The Introvert's Guide to Networking
Jessica Hatch
Writers are often quiet and introspective by nature. I certainly am. Whether you’re an academic, a nurse or a director of business development, there’s a chance you can relate to this. Creative sparks and solutions to problems come to you in moments of solitude, accompanied by hours of research and many cups of tea.
Conferences and networking events are, more often than not, loud and intense by nature. People sharing similar interests are crammed into drafty convention centers with overpriced coffee for short periods of time, in the hopes of growing their business, their network and their prospects for professional happiness. So, what happened when 12,000 writers converged in one convention center for three long days of readings, parties and a giant expo hall during the annual Association of Writers and Writing Programs (AWP) conference? Well, for once, writers got social. Writers networked. And for those introverts among them, this three-day weekend can mean weeks of recovery in the future.
According to Susan Cain, author of “Quiet: The Power of Introverts in a World that Can’t Stop Talking,” I’m not alone. A third to a half of the population is introverted. Contrary to popular belief, introversion is not about shyness, which is a fear of social interaction, but rather about how an individual responds to stimulation, including social stimulation.

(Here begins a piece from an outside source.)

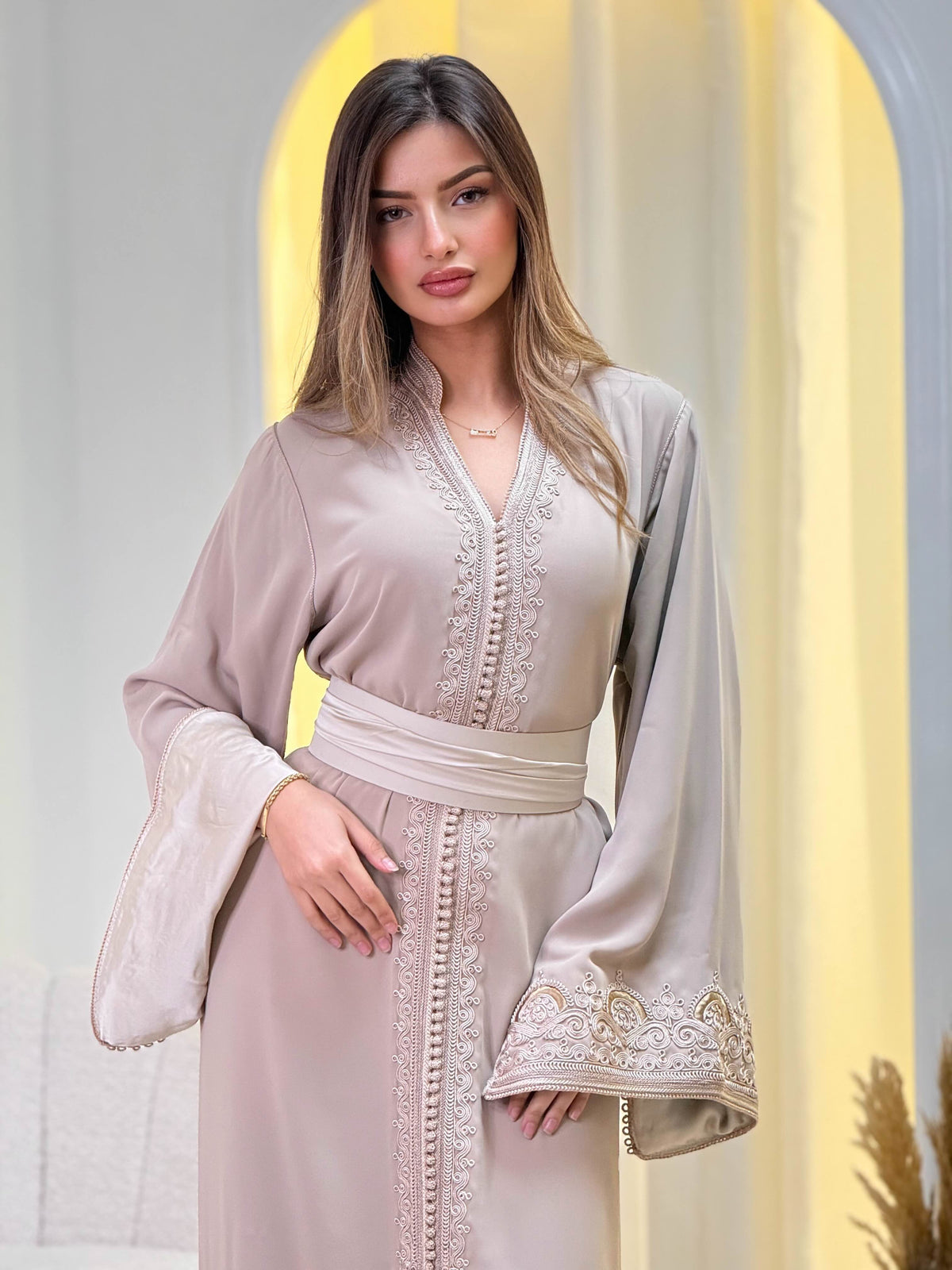 Caftán Sajida Beige – Vestido marroquí hecho a mano – vista del producto 6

This means that it can be mentally, emotionally, psychologically or even physically draining to be around large groups of people or people you don’t know. But our world is largely structured in favor of extroverts; those cravers of social stimulation, even down to the old adage, “It’s not what you know, but who you know.” With that in mind, here are seven networking lessons I learned at AWP—tips for my fellow introverts to help you excel at professional networking events:
1. Identify one person (or type of person) you want to meet.
Tin House is one of my favorite small publishing houses, so I knew I’d make a beeline for their booth at AWP. I was certain to say hello and take interest in other imprints, too, but interacting with the editors at Tin House was one of my goals for the conference.
Let’s say you’re a bookkeeper attending a mixer that boasts attendees from various industries. You’re there because you want to find a mentor who can help you move towards your goal of becoming a certified financial planner. With this in mind, hone in on people whose name tags indicate that they’re in finance. This way you can primarily expend your energy and focus on these conversations that could move you closer to your goals.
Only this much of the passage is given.